Extracted data.
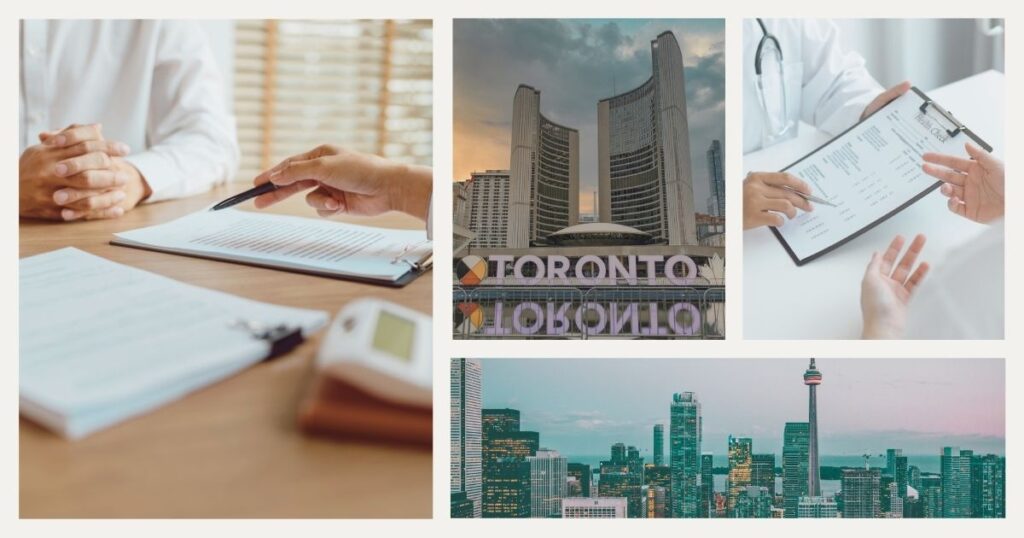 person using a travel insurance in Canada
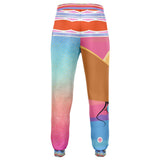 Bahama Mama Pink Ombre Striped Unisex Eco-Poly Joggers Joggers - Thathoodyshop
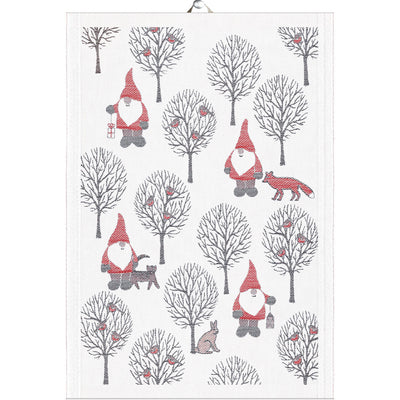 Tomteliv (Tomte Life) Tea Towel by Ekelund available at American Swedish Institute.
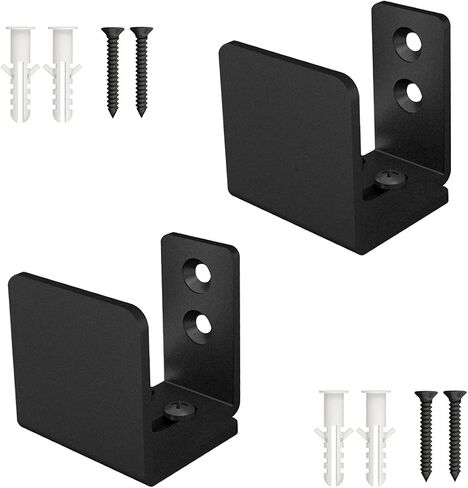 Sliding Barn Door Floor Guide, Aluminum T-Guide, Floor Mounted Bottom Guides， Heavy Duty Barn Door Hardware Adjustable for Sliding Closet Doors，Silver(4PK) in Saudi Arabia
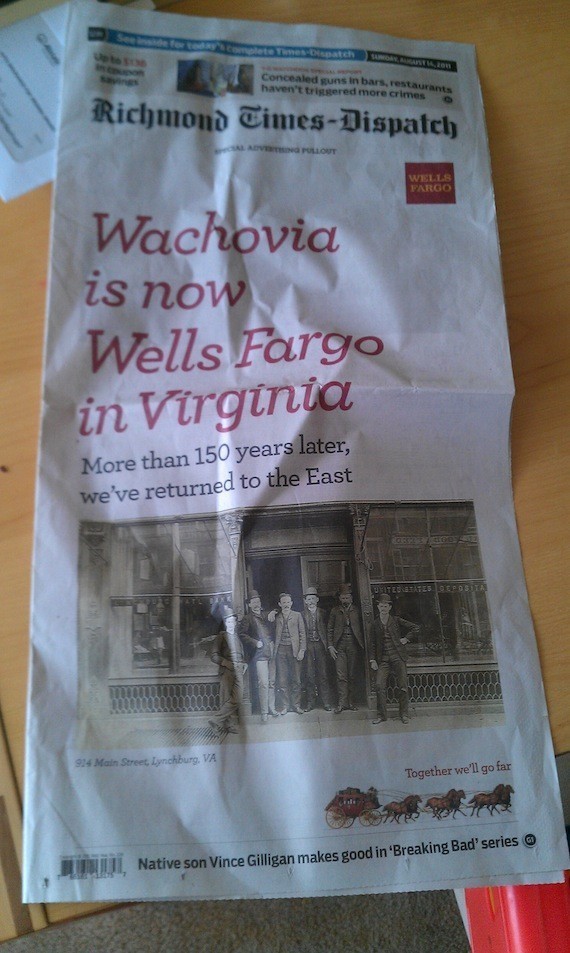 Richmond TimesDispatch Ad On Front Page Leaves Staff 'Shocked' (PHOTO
--
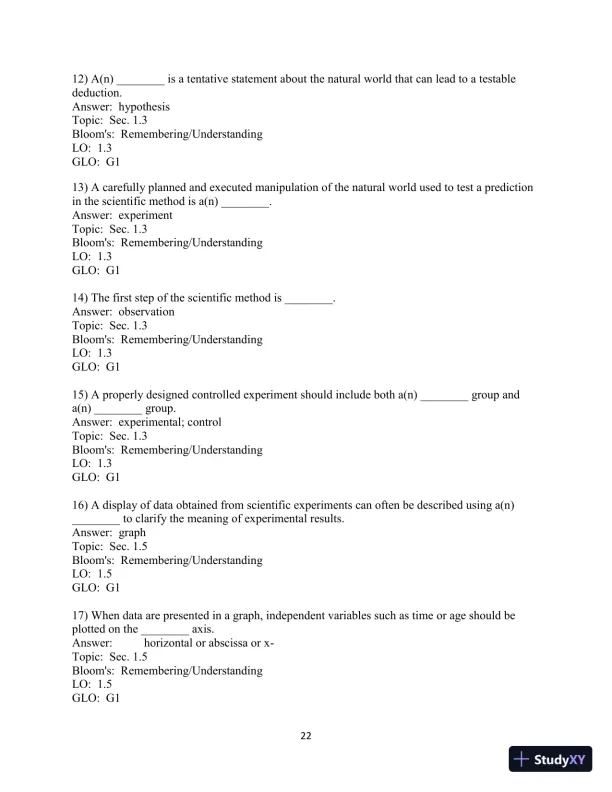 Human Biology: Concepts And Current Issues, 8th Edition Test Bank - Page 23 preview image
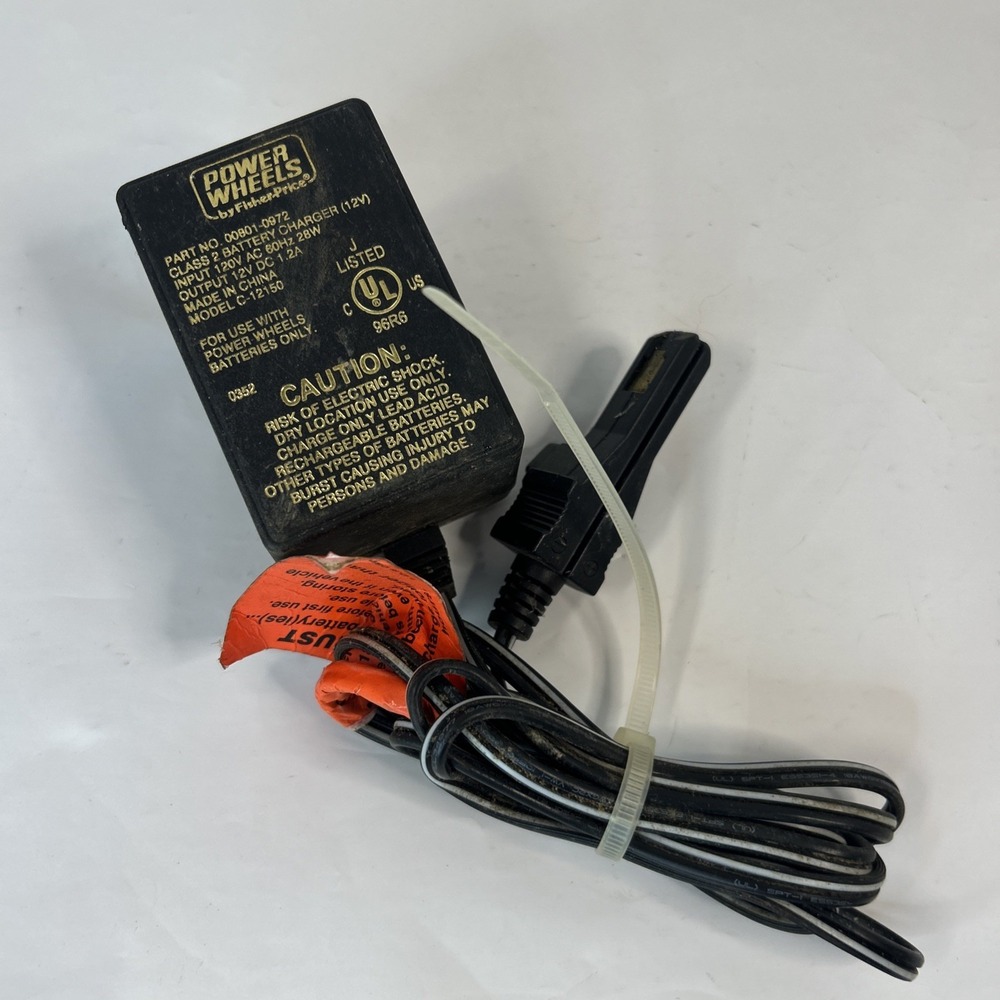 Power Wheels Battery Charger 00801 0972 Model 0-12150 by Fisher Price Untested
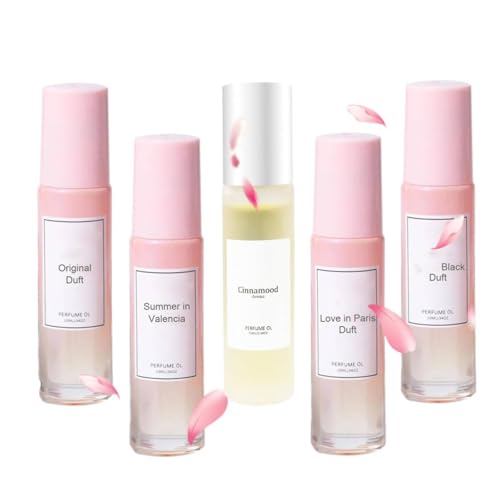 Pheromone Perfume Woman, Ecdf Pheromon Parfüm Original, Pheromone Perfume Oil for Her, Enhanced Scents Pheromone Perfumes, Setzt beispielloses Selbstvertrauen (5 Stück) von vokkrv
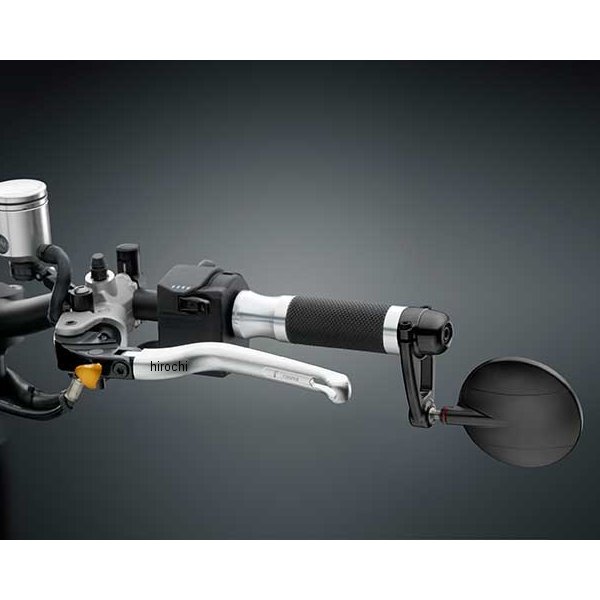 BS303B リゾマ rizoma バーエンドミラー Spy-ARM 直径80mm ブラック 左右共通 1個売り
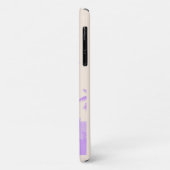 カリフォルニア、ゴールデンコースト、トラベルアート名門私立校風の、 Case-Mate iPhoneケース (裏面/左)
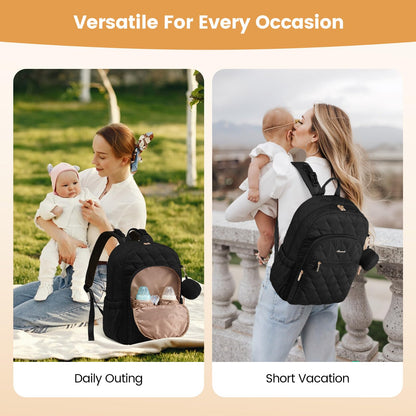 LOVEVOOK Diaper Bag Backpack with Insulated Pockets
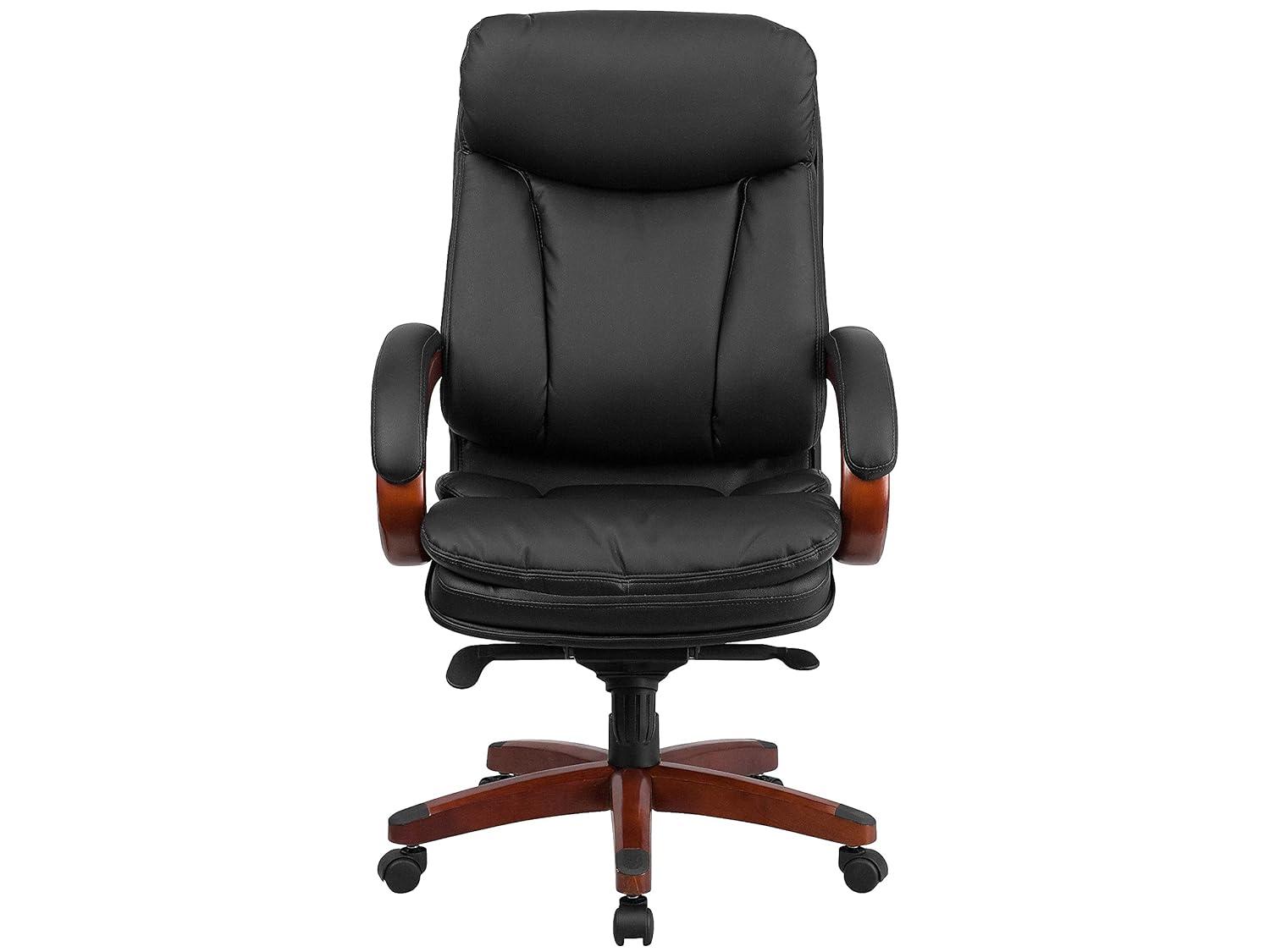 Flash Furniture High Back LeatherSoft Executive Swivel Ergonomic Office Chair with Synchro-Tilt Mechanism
* * *
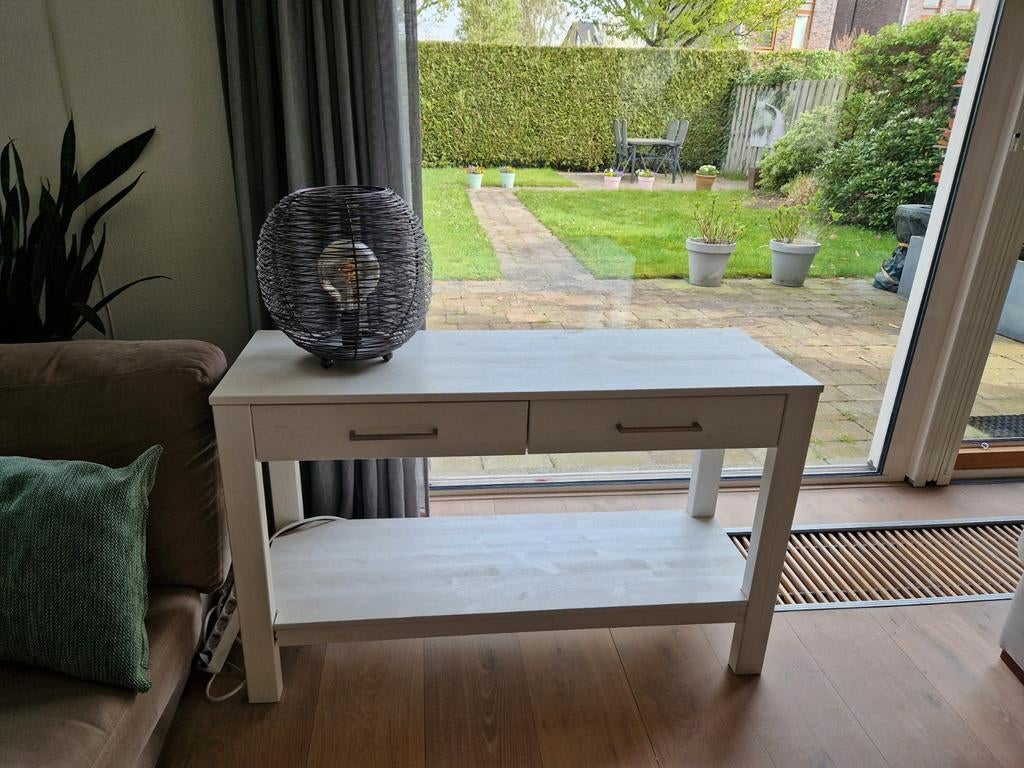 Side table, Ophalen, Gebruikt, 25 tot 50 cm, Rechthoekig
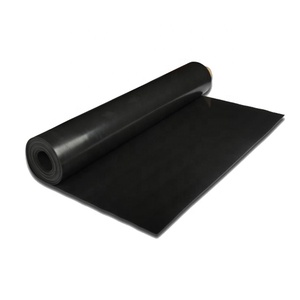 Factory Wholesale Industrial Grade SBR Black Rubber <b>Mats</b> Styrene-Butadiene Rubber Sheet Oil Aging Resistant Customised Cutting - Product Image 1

Task brief. Reproduce exactly the lines above starting at the line containing "Power Wheels Battery" and ending at the line containing "BS303B リゾマ rizoma", including both, but not the pictures.

Result of this exercise.
 Power Wheels Battery Charger 00801 0972 Model 0-12150 by Fisher Price Untested
 Pheromone Perfume Woman, Ecdf Pheromon Parfüm Original, Pheromone Perfume Oil for Her, Enhanced Scents Pheromone Perfumes, Setzt beispielloses Selbstvertrauen (5 Stück) von vokkrv
 BS303B リゾマ rizoma バーエンドミラー Spy-ARM 直径80mm ブラック 左右共通 1個売り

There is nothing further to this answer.